Ao longo da entrevista, há poucos elementos que não sofram essa transformação de linguagem. Quando não reinterpreta, Eduardo reproduz letra por letra o que pensa o presidente-eleito. Sob a luz da psicologia, poderíamos teorizar que Eduardo tenta devorar seu pai – primeiro por reproduzí-lo em sua falta de humanidade, depois por levar suas ideias à escala industrial. Eduardo não quer apenas prender os bandidos, ele quer construir novos presídios para impedí-los de sair.
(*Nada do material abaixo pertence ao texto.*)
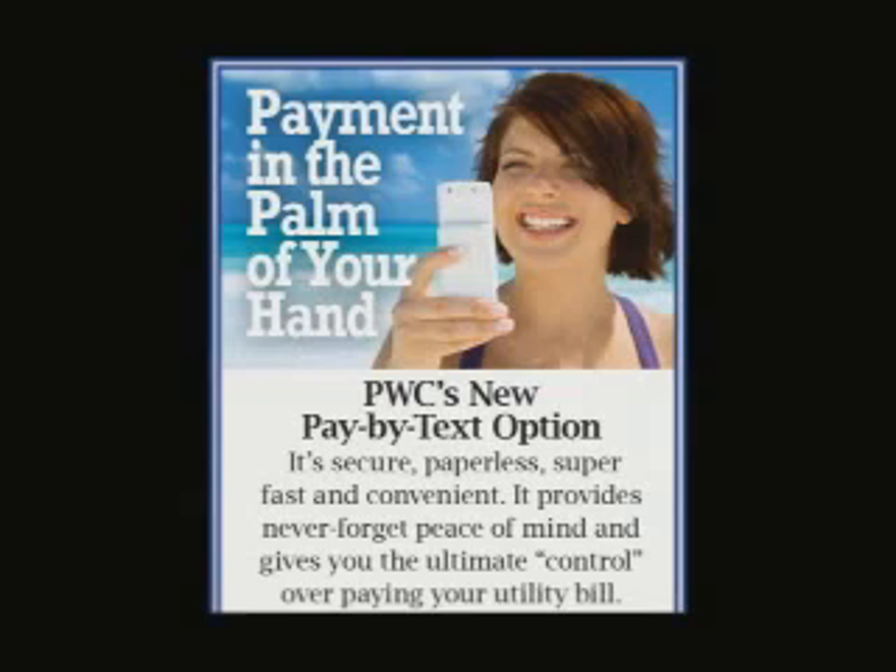Pay By Text is PwC's newest payment option. It's very convenient for people who are busy and like to do a lot of business on their phone and when they're on the go.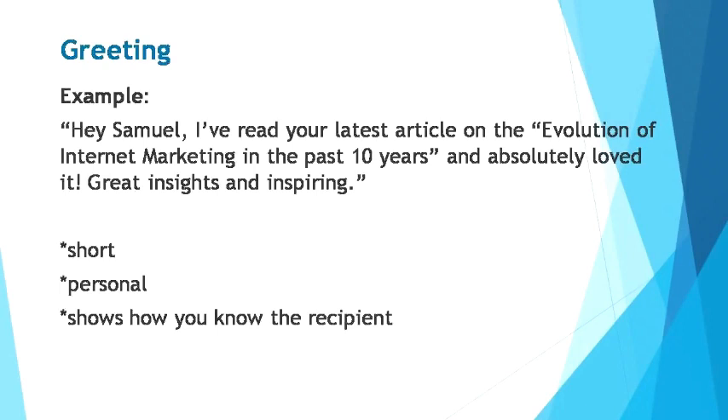Next up, the greeting. Start your LinkedIn message with a short and personal greeting, and mention the recipient's name here as well to ensure they pay attention to the message. Here's a sample greeting you can use as a reference: 'Hey Samuel, I've read your latest article on the evolution of internet marketing in the past 10 years and absolutely loved it — great insights and inspiring.' This is a great way to get your recipient's attention. It shows that you know about your recipient and that this greeting is made personal only to him or her.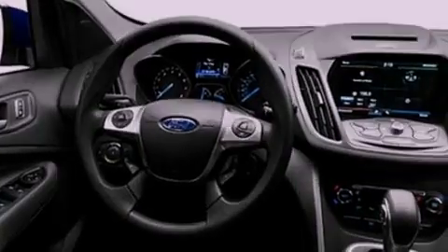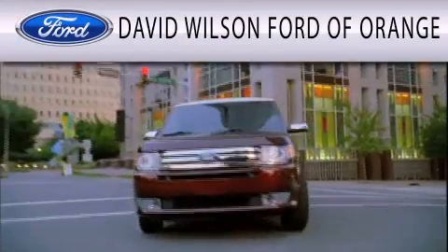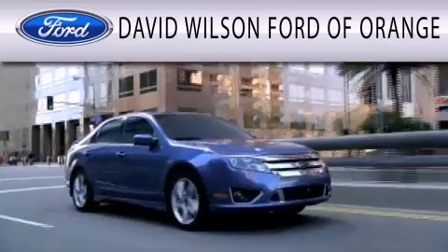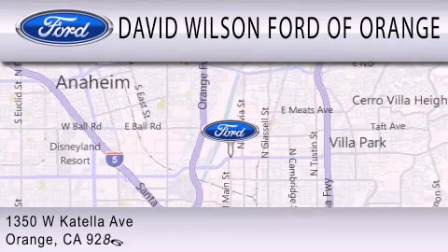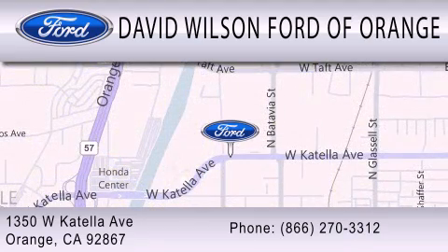Contact us today and schedule your opportunity to see this vehicle in person. David Wilson's Ford of Orange is dedicated to doing everything possible to ensure that the experience you have selecting your next vehicle is as pleasant as possible. We're located at 1350 West Katella Avenue in Orange.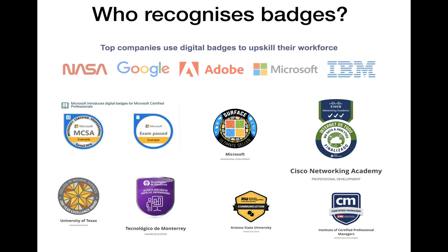As you can see, there are multiple people and organisations recognising badges these days, along with some big names such as Google and Adobe, and these are the types of illustrative examples of badges that are out there.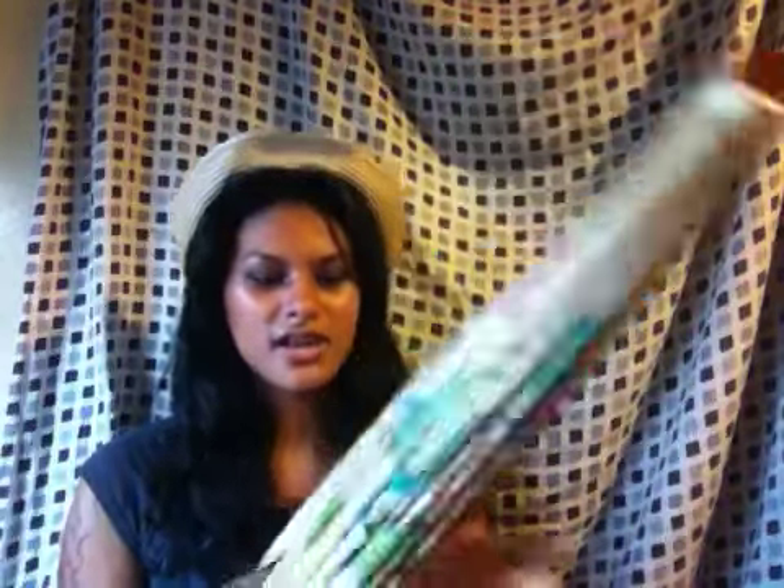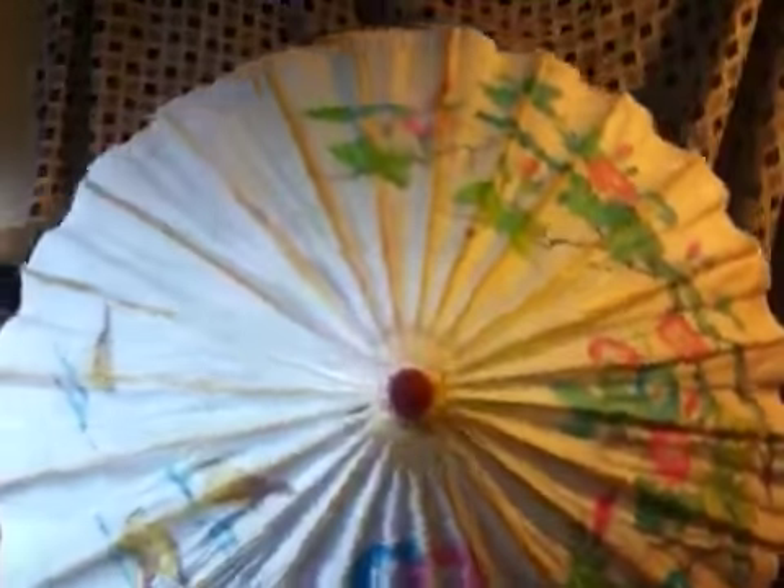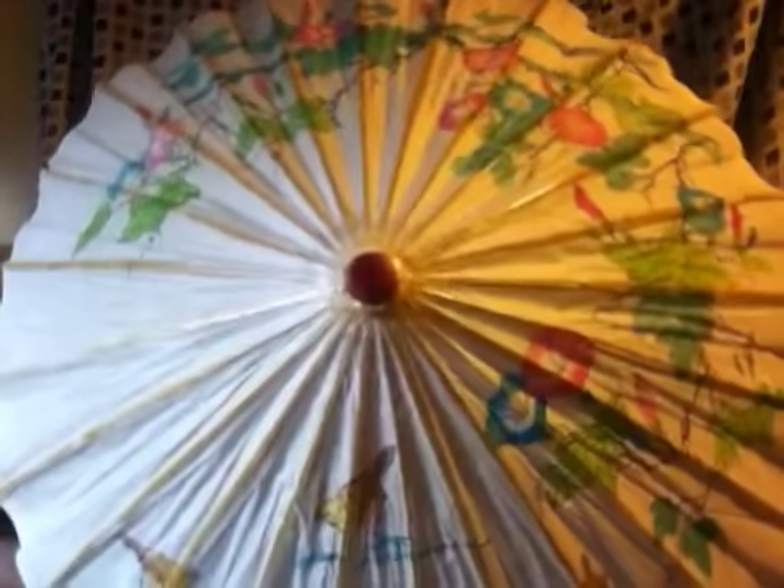The next thing I got was this Chinese-designed shade umbrella. You guys can see it. I got this for $5 at those Chinese stores that a lot of people go to in New York City. If you're here, you know that there's a bunch of Chinese stores.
O Projeto Escola Sem Partido é um ponto que ilustra bem essa industrialização do obscurantismo: enquanto Bolsonaro quer revelar “A Verdade Sufocada” sobre a ditadura e impedir o “Kit Gay”, Eduardo tenta impor sobre os professores uma mordaça para “expor todas as versões históricas” e “impedir a doutrinação” sob pena de cadeia. É o mesmo projeto com palavras mais articuladas e, portanto, mais perigosas, que descartam o compromisso com a verdade e o rigor científico.

Esse aprimoramento neo-fascista é algo que merece atenção da resistência progressista. As intenções de Eduardo Bolsonaro soam mais alto que buzina de navio: em algum ponto futuro, ele se imagina como presidente do Brasil, levando adiante o projeto de aniquilação do pai. Arrogante, sem dúvida, mas possível. Diante da mentalidade neanderthal que conduz a nossa direita, até mesmo provável.

Temos a experiência internacional para nos dar uma luz. A França já assistiu a esse desenrolar e sobreviveu, evitando que a ultra-direitista Frente Nacional seduzisse a população com palavras mais doces em 2016. Naquele momento, Marine Le Pen tentava se eleger presidente, poucos meses depois de expulsar o próprio pai, Jean-Marie Le Pen, de seu partido de fundação.

Nada impede que o mesmo aconteça por aqui, se Jair Bolsonaro não conseguir entregar crescimento econômico. Por qualquer perspectiva, o PSL é hoje um balaio de abutres, banqueteando-se na carniça de Brasília enquanto é farta, e Eduardo é o líder de sua bancada. Quando acabarem os cadáveres, restará a essas figuras apenas o sentimento de justiçamento para continuarem seu voo.

Se Eduardo se portar como nessa entrevista, entregará ao pai um longo punhal de presente.